Taking into account movements on different TFs and seeing levels on different TFs are not the same, both in essence and complexity...
You're getting a lot of rude, what's wrong? Did you stop taking your pills or something?
Of course it's obvious - there's a target and some logic connecting them.
Earlier in a separate thread I showed that it is possible to build different models from the same data - I get about 30% profitable and 70% unprofitable. That is why I think that the method of estimation through the model is not very reliable.
Taking into account movements on different TFs and seeing levels on different TFs is not the same thing, both in essence and complexity....
You've become so often rude, did something happen, did you stop taking pills or what?
Are you worried about me? Maybe I should put in an account to top up the money for the pills.

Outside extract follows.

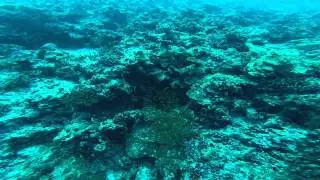 Mix best time diving coral reef bandos rock turtles maldives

As a matter of fact I write - some kind of a widespread feeling of their uniqueness in the participants of this branch. How can you think that others do not do so.
On the contrary, I found that some of the methods that I used are used by other people to solve similar problems. But I got the information too late.
I have the same data, adjusted for the sid
.
That's the point, the syd allows for different model building. So how can one claim that the built model is "correct" - that's my claim for these methods.
That's the point, the syd allows different ways to build a model. So how can one claim that the constructed model is "correct" - that's my claim for these methods.
And what are the other methods?
I answer, so as not to waste time. These are statistical tests, for example through randomised experiments. Sometimes useful too, this is the very basis of kozul, before moving to ML.
Can you show me something like that?
If it's that common.
I thought so.
I highly recommend you to reconsider the very approach to feature construction. Functional transformations do not work here, the market is NOT a time series!
Here is the M1 entry point
here is the entry reason and entry price H1
=========================================
And all your signs are doing is looking for patterns/curves in the last 5-10 candles.
It's more complicated than that.
Finally!
So, we have a start.
What's next?
And what other methods are there?
To answer, so as not to waste time. These are statistical tests, for example through randomised experiments. Sometimes useful too, it's the very basics of kozul, before switching to ML.
You're partly right, except I don't understand the philosophy of shuffling everything around - it certainly works if there is just no irrecoverable drift, for example with cycling.
To begin with, I would like to classify different types of drift, and then work with them individually - if the cause is known, then we can think of a way to eliminate it. And if not eliminating, then detecting (detection).
You're partly right, but I don't understand the philosophy of shuffling everything around - it certainly works if there is no irretrievable drift, for example with cyclicality.
To begin with, I would like to classify different types of drift, and then work with them individually - if the cause is known, then we can think of a way to eliminate it. And if not eliminating, then detecting (detection).
randomisation removes the bias between the test and control, after that the predictor impact is evaluated
If you don't remove the bias before that, it will be an associative relationship, not a causal one.